The Cave Temples at Ajanta and Ellora

Following a recommendation from our good friend Steve from Austin, we persuaded my dad and Anne that it was worth making the trek from northern India down to Aurangabad in the Mumbai region for a visit to the Ajanta and Ellora cave temples, and I’m happy to say that we were right!

After arriving in Aurangabad, we headed out first to visit the Ajanta caves.  Most of the sites we’d been visiting up to that point in India were old, but they weren’t really old.  The Ajanta caves, on the other hand, are really old.  The five cave temples and twenty-four cave monasteries at Ajanta were carved out of solid rock in the period from about 200 BC to 650 AD, and then they were abandoned, essentially forgotten, until their rediscovery in 1819 by a British tiger-hunting party.  Lucky for us, that means that considering their age, they’re pretty well-preserved.

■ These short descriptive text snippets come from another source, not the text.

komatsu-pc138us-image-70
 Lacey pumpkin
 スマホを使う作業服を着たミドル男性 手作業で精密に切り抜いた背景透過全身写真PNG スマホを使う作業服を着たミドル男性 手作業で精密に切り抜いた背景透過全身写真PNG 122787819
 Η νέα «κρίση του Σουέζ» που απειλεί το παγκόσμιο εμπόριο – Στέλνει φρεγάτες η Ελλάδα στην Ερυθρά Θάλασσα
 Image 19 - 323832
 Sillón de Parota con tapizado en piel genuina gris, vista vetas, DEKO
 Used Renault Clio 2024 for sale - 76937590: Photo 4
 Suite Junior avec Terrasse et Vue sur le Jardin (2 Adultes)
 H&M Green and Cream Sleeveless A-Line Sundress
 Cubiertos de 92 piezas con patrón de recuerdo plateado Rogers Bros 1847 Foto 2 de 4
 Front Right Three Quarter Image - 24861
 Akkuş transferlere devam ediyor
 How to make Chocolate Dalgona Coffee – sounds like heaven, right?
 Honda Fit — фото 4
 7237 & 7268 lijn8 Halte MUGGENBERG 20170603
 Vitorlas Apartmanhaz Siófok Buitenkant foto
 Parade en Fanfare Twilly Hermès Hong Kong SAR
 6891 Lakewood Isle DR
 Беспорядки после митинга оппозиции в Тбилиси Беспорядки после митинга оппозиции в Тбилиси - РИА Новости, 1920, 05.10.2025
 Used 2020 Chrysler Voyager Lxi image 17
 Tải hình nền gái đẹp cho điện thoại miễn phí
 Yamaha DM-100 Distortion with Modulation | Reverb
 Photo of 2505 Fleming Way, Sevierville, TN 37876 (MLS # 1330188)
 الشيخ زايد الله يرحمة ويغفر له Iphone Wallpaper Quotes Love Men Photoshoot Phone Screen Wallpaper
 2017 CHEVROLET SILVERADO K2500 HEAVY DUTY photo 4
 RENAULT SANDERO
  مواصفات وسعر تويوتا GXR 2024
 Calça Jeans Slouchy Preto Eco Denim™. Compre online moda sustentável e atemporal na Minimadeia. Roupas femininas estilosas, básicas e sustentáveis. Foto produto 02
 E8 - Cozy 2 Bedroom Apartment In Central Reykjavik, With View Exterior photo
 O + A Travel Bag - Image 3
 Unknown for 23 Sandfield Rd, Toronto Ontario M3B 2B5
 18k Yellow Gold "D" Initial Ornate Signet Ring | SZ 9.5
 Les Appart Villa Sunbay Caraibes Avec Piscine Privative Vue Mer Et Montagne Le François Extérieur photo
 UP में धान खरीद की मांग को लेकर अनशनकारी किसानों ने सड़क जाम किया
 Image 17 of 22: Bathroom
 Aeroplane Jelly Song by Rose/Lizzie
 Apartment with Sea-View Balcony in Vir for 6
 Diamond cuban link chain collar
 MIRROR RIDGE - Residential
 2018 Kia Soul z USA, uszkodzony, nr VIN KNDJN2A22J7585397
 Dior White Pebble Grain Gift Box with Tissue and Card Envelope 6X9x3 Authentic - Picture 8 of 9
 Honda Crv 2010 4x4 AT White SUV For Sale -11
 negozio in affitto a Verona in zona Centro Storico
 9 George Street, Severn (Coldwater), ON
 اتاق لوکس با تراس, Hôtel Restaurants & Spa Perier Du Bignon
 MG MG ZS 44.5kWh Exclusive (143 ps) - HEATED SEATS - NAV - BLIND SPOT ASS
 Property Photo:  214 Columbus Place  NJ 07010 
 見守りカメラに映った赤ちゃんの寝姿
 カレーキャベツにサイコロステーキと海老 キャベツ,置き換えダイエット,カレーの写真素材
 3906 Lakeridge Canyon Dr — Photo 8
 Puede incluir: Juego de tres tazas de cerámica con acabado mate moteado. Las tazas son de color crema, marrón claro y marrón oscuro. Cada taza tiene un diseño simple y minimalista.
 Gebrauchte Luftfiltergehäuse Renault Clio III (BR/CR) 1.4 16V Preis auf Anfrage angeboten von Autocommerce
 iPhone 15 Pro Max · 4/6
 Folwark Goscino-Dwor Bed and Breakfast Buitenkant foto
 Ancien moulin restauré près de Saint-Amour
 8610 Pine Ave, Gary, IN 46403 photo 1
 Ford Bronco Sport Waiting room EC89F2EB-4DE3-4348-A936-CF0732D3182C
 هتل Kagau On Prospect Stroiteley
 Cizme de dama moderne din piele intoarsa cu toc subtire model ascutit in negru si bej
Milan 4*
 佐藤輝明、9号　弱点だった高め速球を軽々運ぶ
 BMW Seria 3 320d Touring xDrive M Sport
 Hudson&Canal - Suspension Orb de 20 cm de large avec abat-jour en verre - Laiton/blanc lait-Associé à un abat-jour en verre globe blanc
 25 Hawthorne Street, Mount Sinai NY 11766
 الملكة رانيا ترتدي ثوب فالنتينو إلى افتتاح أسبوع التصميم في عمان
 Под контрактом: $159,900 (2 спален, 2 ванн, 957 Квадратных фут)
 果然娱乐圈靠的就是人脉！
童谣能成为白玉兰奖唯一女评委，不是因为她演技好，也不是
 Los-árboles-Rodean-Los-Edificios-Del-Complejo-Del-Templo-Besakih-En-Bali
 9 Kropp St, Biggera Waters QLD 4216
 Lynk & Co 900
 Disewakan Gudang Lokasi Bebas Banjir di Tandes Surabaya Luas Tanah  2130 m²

Although the Ajanta caves are known for their Buddhist paintings and sculptures, I couldn’t get over how the caves themselves were carved out of solid rock.  They’re not small, and the thought of people working over 2,000 years ago to chisel away at the rock by hand to create monuments filled with artistic masterpieces kind of blew my mind.  Some of the paintings were also really fascinating, especially those in which you could see that Indian artists had mastered the technique of perspective over 1,000 years before European painters figured out how to do so.

    

We headed next to the Ellora caves, and where the Ajanta caves are known for their artistic detail and subtlety, the Ellora caves are known for their immense size.  Although the thirty-four Ellora cave temples and monasteries are considerably younger than the Ajanta caves, having been carved between 600-1000 AD, they were similarly carved out of solid rock.  The Ellora caves are also interesting because out of the thirty-four temples and monasteries there, twelve are Buddhist, seventeen are Hindu, and five are Jain—three different religions all represented harmoniously in one spot.  Since we had seen the Buddhist caves at Ajanta earlier that day, we used our limited time to visit a couple of the Jain and Hindu temples at Ellora.  The Jain temples were big, but the Hindu Kailash Temple was immense.  It covers a total area of almost 10,000 square feet, which makes it twice the size of the Parthenon and one and a half times as tall.  We read that it’s been estimated that about 200,000 tons of rock were carved out and removed to create that one temple.  How they managed to carve a temple that size out of solid rock without power tools is completely astounding to me.  It was all really interesting, and it gave us a little insight on what ancient India might have been like.